I had the blessed opportunity to officiate a funeral for one of my Hospice patients on Monday. Now, I’ve done many funerals because of my chaplaincy role, but this one was different. This is a fractured family situation that I would be speaking to and the most diverse grouping of attendees I had ever met. To clarify, my patient was the mother of two daughters – one straight and one gay. My patient’s daughters are also bi-racial and of differing religious beliefs. The extended family had been judgmental towards my patient, which had been truly hurtful for her. So, I needed to deliver a message that served different faiths and beliefs. It took a lot of prayer for me to create a message that would encompass to all types of lifestyles. As a chaplain, my role is not to preach, but to bring peace for the family while honoring the patient, whom I had journeyed with at the end of her life.
I love serving in my role as a chaplain, but also find it challenging at times. My Christian faith is my foundation. But many people have been hurt by condemnation through the church along their journey through life, and their viewpoints have become skewed from the pain of being judged by others. I understand this and must walk carefully as I help people along their journey through grief.
I believe that we are on this earth to appreciate each other without condemnation and judgement. I respect that we all believe differently, and that God touches all of us in different ways to serve different roles in our positions on this earth. The great thing is…I walk under His umbrella! So, the rain can pour – and I can be judged for my beliefs – but it’s ok. God’s umbrella is encompassing, and I feel protected and secure on my journey.

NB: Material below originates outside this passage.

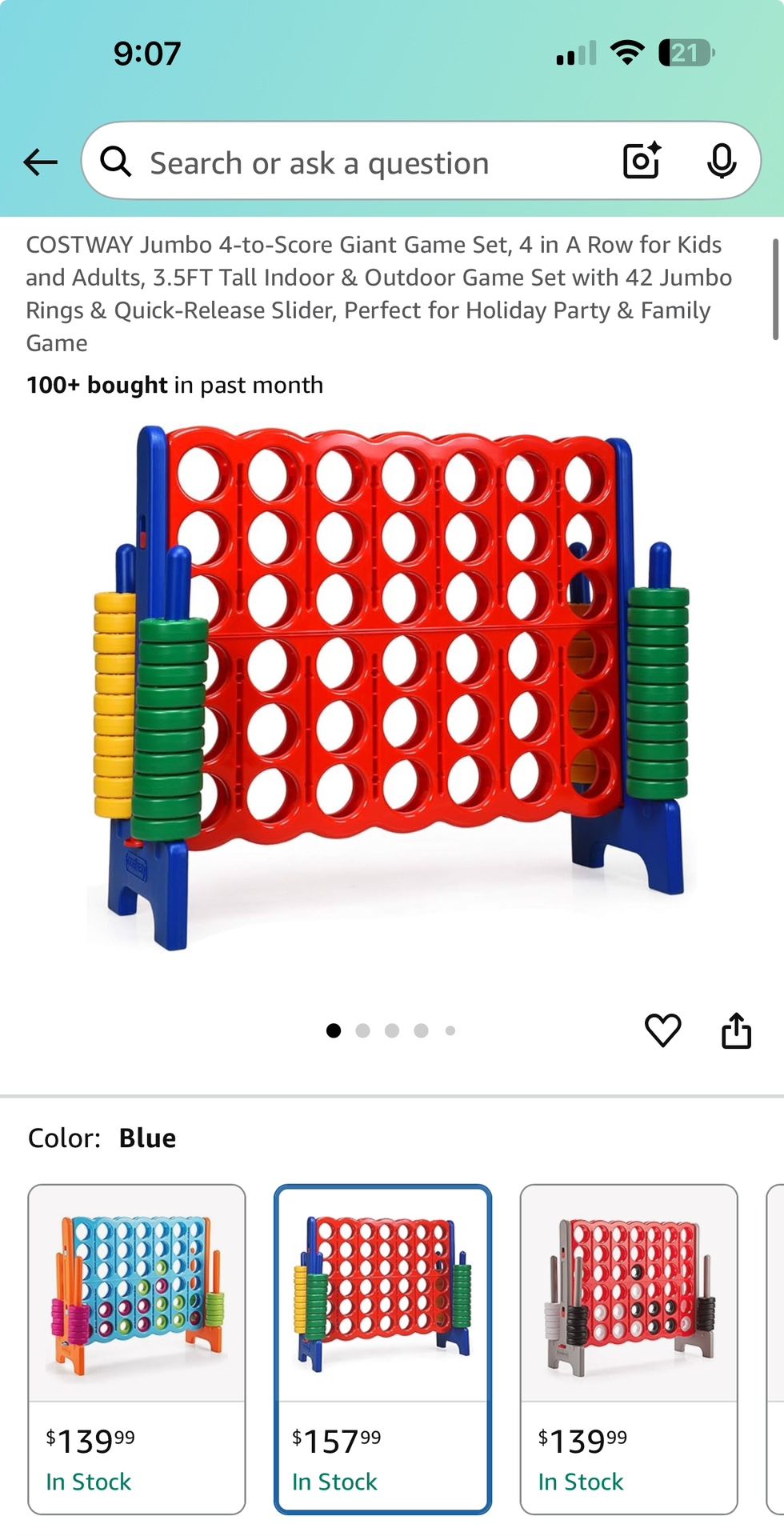 Amazon Jumbo Connect Four Game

Helping others feel accepted can be the challenge in chaplaincy. Delivering a message to 300 people of diverse beliefs was the difficult task at hand. But I must have pulled it off, as so many attendees came up to me afterwards and thanked me for my message. Here’s a portion of it:
“What is love? Corinthians 13:4-8 gives us the definition (Love is patient…). These are Christ’s words, not mine. So, what is it that gives us the right to judge others ~ and how can we do so if we are truly walking in love? Are so quick to look at the sins of others ~ while the plank is still in our eyes? We are meant to love all …. black, white, red, purple, gay, straight, Christian, Muslim, etc. (well, you get the picture). Our beliefs are our beliefs and who we are is who we are. Let’s learn to appreciate those differences in each other.
God created all infants and placed them in women of different races and faiths. So, is God wrong? Would he place a baby inside the wombs of women of differing beliefs and lifestyles all around the world – and then tell millions of children not to love and trust their parents because they are wrong? I think not. I know that my God is a God of love and understanding. So, I am going to walk in faith that God’s got this and that my role on this earth is just to trust in Him! The beautiful thing about our journey in this world is that we don’t have to take on the task of judging others. We just need to care! My trust is in my Savior’s two commandments: love God with all your heart and love each other as you love yourself. There is no ‘but’ after those commands – just a period.”
With that being said, I will finally touch on The Righteous Mind. So much of what I shared above was clarified in this book – even before I had a chance to know this book even existed! The author’s philosophy matches mine in so many ways and I found the book to be both enlightening and powerful. I especially appreciated Haidt’s philosophy of: can’t we all just get along? The author’s focus was about understanding one another’s beliefs to find common ground for co-existence and peace. We must look at the world through other people’s eyes and trust that their beliefs and practices have merit as well. I appreciated the author’s quote: “Anyone who values truth should stop worshipping reason.” Sometimes our reasoning gets in the way of what the truth really is and blinds us to seeing and appreciating other points of view.
A final thought from Haidt: “Morality binds and blinds. It binds us into ideological teams that fight each other as though the fate of the world depended on our side winning the battle. It blinds us to the fact that each team is composed of good people who have something important to say.” Powerful stuff!
 Jonathan Haidt, The Righteous Mind Why Good People Are Divided by Politics and Religion (London: Penguin Books, 2013).